Hi there, I'm new here, I've been looking into this synastry, between me and my ex. It has a strong saturn aspects, mostly his to my personal planets. Saturn conj my sun & mercury, square my mars and trine my moon. There's also a Saturn conj neptune. The only lovey-dovey aspect I'd say is Sun sextile venus double whammy. We're glued to each other from the beginning, we'd even hold hands when sleeping!!
But two years into the relationship I'm feeling suffocated. I have Venus in Aquarius in the 11th house. It feels like whatever I do he'll want to criticize and he calls himself my mentor. We broke up last year November but still calling up each other. He says he will pursue me again, but the conventional way. He's got Venus in Capricorn, also 11th house. I tried calling him and he got mad, I think I overstep the 'woman should wait for the call' rule. I just don't get dating rules!!!!

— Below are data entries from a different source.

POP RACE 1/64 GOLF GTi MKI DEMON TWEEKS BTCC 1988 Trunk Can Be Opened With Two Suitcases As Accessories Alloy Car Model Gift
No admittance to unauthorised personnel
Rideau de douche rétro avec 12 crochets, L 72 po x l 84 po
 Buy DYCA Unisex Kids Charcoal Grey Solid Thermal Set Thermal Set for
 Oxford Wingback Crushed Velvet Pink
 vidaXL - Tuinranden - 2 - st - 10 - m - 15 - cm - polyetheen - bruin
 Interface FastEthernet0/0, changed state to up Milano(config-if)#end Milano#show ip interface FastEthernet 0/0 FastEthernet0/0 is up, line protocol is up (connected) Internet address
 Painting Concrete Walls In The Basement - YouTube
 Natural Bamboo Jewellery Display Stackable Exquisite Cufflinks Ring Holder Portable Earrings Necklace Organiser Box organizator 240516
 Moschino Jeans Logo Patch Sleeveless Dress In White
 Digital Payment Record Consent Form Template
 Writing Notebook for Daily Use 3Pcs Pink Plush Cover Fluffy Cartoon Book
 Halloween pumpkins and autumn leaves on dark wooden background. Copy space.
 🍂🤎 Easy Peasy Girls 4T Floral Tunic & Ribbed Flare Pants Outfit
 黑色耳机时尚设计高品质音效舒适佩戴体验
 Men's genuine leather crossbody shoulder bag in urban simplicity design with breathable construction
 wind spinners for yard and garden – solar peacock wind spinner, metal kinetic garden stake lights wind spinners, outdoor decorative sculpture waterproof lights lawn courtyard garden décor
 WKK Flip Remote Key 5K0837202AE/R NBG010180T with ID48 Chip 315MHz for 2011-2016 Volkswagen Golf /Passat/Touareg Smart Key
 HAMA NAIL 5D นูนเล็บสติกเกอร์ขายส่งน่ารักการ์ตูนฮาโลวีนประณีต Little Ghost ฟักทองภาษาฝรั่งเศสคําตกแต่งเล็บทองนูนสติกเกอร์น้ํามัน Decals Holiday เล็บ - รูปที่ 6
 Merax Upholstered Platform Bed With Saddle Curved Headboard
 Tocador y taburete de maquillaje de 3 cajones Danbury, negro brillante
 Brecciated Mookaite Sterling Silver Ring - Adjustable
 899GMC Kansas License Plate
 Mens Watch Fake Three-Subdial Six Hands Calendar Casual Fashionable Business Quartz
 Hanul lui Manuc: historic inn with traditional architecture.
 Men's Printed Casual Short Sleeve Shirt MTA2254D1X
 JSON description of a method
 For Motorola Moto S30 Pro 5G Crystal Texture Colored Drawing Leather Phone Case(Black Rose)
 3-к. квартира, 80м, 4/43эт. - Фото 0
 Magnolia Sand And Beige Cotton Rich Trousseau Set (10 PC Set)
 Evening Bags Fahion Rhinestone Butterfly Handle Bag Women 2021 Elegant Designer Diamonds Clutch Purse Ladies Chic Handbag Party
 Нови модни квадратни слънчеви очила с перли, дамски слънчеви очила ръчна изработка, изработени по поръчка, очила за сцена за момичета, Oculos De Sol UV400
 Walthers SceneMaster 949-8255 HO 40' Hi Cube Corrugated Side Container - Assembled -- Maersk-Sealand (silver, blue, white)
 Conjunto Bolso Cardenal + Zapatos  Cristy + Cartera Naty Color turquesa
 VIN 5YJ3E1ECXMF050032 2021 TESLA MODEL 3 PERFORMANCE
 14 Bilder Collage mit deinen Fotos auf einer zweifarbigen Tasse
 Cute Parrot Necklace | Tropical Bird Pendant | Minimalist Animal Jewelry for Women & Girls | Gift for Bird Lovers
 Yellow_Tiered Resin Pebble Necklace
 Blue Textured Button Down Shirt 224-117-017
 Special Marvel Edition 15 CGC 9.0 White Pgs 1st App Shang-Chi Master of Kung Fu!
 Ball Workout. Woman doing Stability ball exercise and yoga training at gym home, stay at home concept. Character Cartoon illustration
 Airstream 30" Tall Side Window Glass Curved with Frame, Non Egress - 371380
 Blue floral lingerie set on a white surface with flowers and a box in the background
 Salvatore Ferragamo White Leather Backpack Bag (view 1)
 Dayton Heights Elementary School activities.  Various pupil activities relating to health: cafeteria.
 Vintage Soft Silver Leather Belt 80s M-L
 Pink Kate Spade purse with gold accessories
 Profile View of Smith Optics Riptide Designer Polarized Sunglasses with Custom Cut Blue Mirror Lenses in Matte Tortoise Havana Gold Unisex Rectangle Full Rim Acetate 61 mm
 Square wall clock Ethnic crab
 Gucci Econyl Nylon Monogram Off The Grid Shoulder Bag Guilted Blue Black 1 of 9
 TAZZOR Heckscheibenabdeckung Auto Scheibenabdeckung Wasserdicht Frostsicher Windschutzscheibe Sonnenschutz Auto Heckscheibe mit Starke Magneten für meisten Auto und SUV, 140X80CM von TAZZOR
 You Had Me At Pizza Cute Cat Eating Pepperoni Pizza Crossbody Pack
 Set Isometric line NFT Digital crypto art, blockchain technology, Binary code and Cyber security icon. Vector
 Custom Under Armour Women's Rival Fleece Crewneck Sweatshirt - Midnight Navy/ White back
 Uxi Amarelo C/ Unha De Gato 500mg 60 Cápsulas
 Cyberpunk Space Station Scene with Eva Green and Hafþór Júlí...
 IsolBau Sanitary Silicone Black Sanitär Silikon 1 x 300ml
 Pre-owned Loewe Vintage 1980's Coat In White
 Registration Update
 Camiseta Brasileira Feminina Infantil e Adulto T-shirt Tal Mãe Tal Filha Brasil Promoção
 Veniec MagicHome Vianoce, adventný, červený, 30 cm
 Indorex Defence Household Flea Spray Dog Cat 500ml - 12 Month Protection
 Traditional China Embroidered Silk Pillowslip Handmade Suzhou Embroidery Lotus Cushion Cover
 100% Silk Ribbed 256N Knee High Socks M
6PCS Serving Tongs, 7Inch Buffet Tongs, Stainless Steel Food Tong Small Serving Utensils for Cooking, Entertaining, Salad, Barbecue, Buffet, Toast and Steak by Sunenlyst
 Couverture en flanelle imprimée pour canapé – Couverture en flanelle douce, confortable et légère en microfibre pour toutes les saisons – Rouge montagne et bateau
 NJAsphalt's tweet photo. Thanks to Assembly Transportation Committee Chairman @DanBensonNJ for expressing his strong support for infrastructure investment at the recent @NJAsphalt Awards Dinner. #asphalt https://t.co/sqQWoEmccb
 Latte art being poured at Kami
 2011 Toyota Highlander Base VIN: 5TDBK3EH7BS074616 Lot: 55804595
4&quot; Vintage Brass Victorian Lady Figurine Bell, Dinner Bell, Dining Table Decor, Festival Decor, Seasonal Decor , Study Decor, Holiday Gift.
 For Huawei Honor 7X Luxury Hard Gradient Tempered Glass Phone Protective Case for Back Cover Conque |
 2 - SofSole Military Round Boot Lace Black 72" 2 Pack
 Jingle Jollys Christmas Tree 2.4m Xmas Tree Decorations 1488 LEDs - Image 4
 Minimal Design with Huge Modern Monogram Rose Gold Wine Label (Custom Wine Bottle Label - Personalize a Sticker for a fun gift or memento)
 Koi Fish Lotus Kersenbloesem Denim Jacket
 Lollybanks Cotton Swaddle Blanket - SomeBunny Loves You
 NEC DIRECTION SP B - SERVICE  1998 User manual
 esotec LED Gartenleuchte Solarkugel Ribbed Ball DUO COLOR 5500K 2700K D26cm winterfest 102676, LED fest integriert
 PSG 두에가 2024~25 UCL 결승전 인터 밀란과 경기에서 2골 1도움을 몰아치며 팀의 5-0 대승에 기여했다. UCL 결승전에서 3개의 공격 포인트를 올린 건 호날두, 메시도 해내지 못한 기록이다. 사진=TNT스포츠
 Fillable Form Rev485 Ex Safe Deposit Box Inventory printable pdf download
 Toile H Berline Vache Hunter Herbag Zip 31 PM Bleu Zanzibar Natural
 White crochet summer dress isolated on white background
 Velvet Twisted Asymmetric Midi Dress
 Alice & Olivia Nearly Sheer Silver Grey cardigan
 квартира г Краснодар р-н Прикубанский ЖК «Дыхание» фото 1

We have Venus square Pluto in both our own natal charts, and it appears in our composite chart too. I feel he's employing tactics but I don't want to.
By the way, he's seeing someone else. Then denies that anything happened between them. One minute he wants to reconcile, the other he just acts all cold and distant. (actually same in my case)
I wonder.. does this mean.. the lesson's learned and time for us to let go and meet other people? I definitely feel that. Previously when we were discussing about the probability of reconciling, he was excited because I told him I can change (I got venus square mars natally, emotional outbursts, very violent). Then all of a sudden, he's telling me life is unpredictable and that we may face rejection at any moment.
I'd want him back. I feel we can grow together. But at the same time, I'm making plans that if he doesn't come back, I can just walk away. Does he feel this way too? Or is he keen to hold on?
Please help me.. is this a karmic relationship?